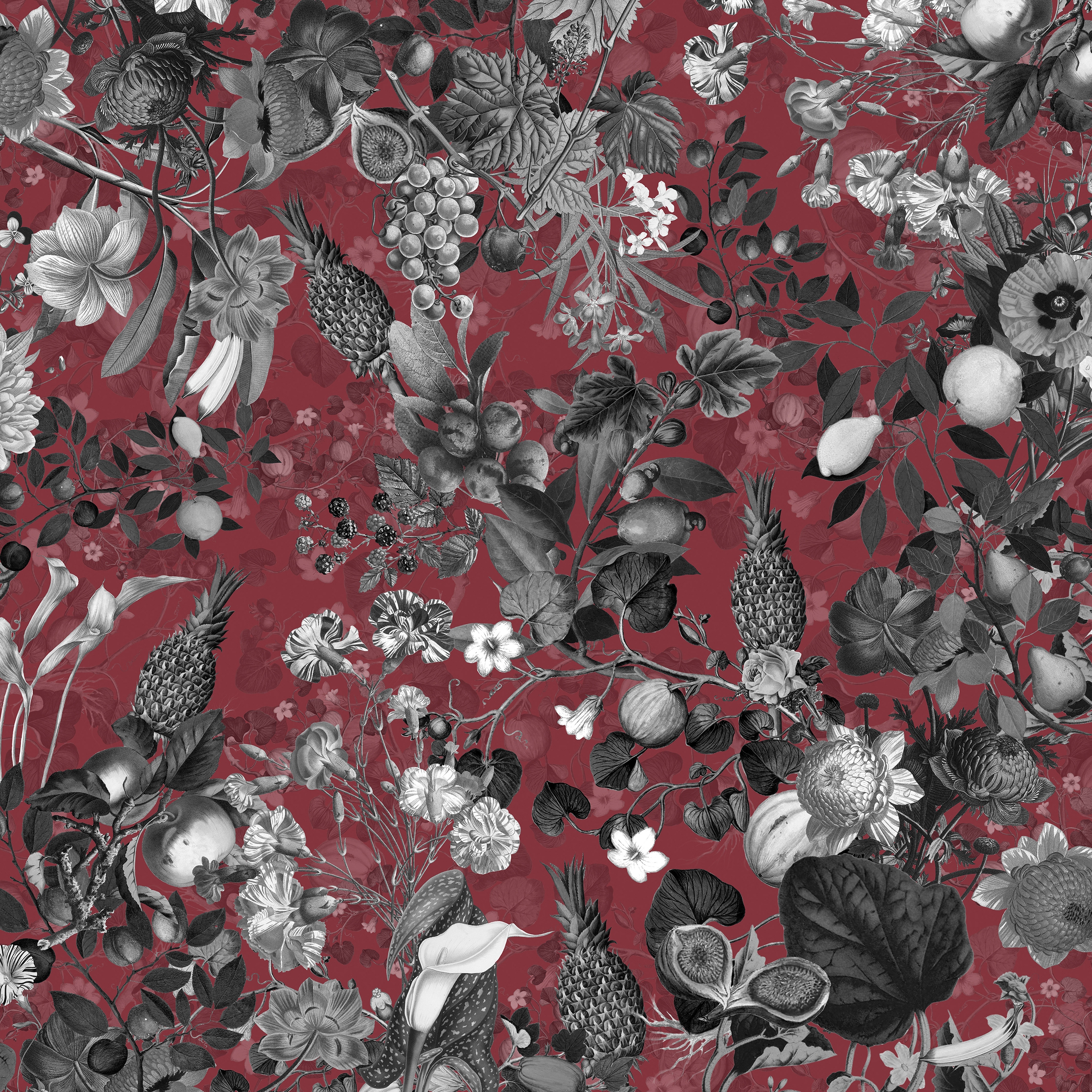 Vito Nesta | Botanica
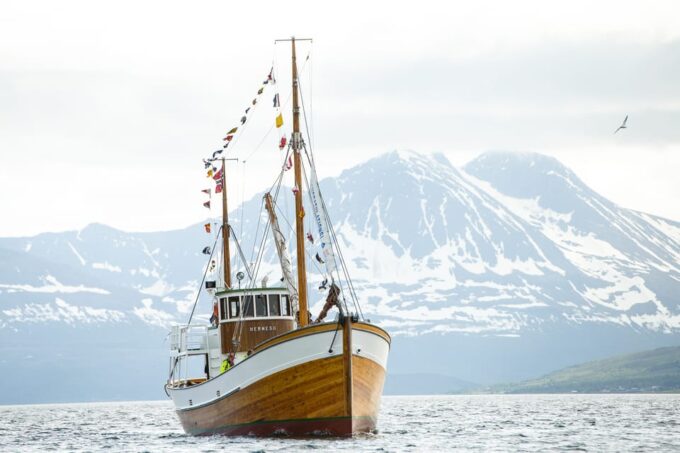 Tromsø: Arctic Light Evening Cruise With Fish Soup - Boat Specifications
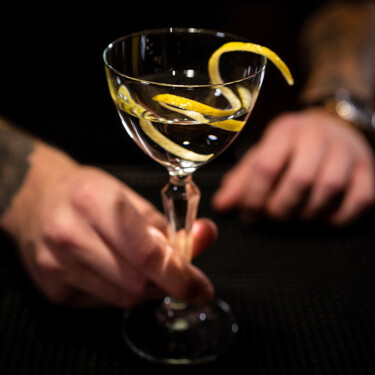 BAR, DRINK PÅ DJURÖNÄSET
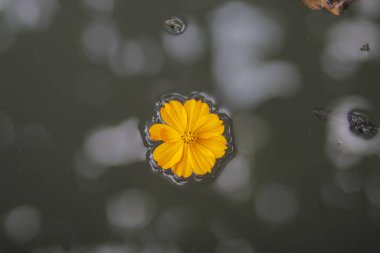 Suyun üzerinde yüzen turuncu kozmos çiçeği. Kozmos bitkileri (Cosmos bipinnatus) Endonezya 'da Randa Midang, Kenikir veya ulam raja olarak da bilinir..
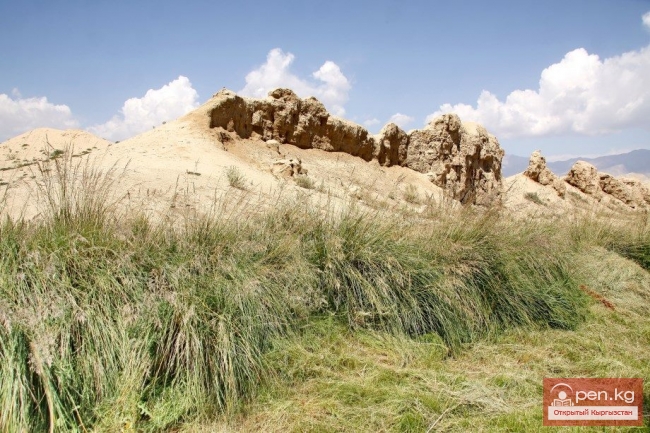 Городище Кошой-Коргон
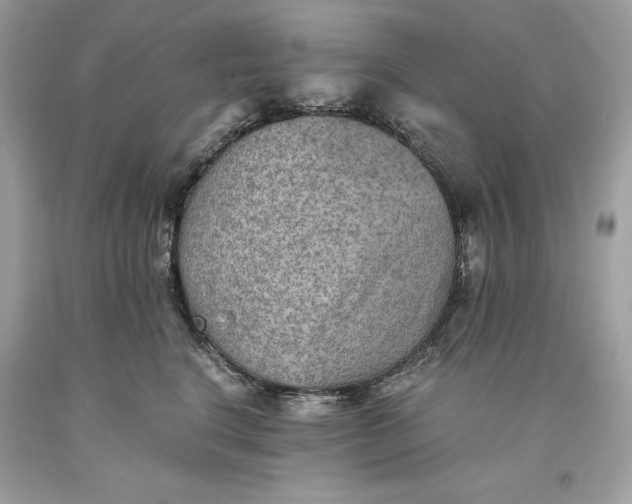 X0000093510664200710261158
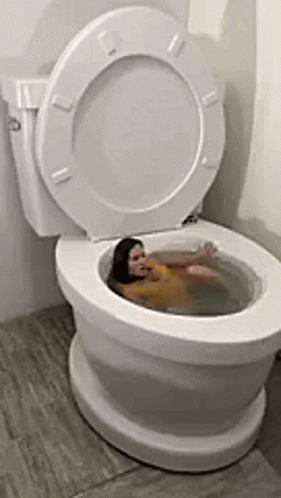 Funny Person Spinning In Toilet Bowl GIF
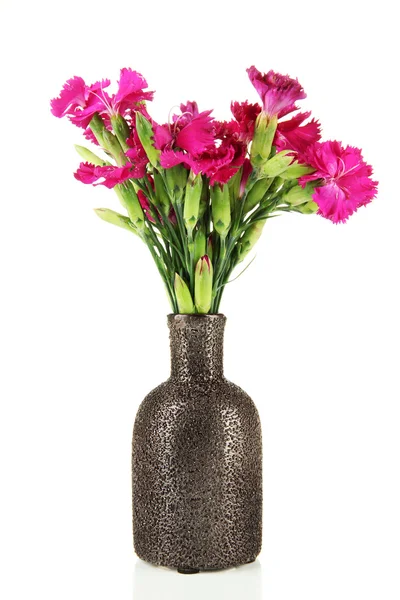 Bouquet of carnations in vase, isolated on white — Stock Photo, Image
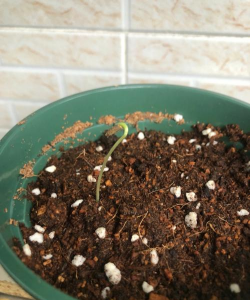 小众送妈妈的花有哪些花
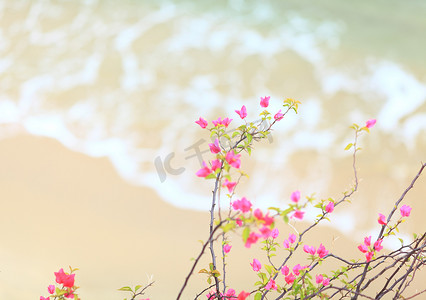 有沙滩背景的小桃红色杜鹃花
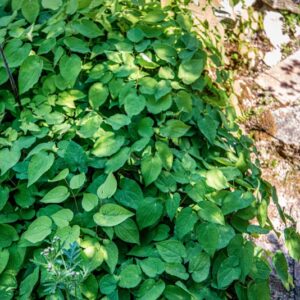 EPIMEDIUM ALPINUM, L, BERBERIDACEAE, EUROPA CENTRALE E MERIDIONALE - 1648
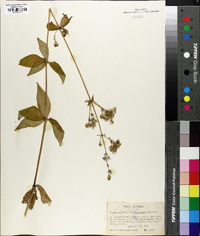 Silene stellata image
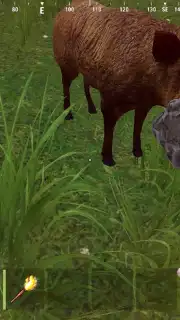 Oxide capture 3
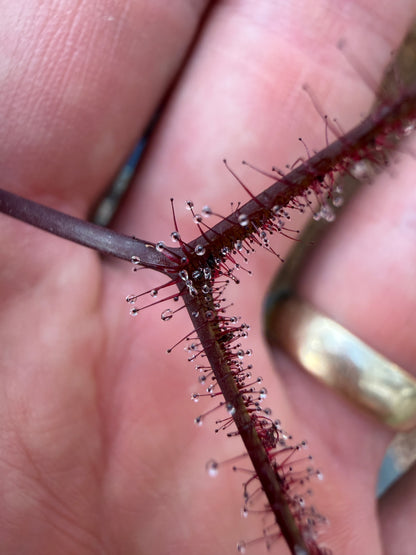 Drosera binata Burgundy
+-------+
Task description – Verbatim, write out the line containing "Funny Person Spinning In Toilet Bowl GIF" and all later lines through the end of the records, leaving every picture out.

Answer section –
 Funny Person Spinning In Toilet Bowl GIF
 Bouquet of carnations in vase, isolated on white — Stock Photo, Image
 小众送妈妈的花有哪些花
 有沙滩背景的小桃红色杜鹃花
 EPIMEDIUM ALPINUM, L, BERBERIDACEAE, EUROPA CENTRALE E MERIDIONALE - 1648
 Silene stellata image
 Oxide capture 3
 Drosera binata Burgundy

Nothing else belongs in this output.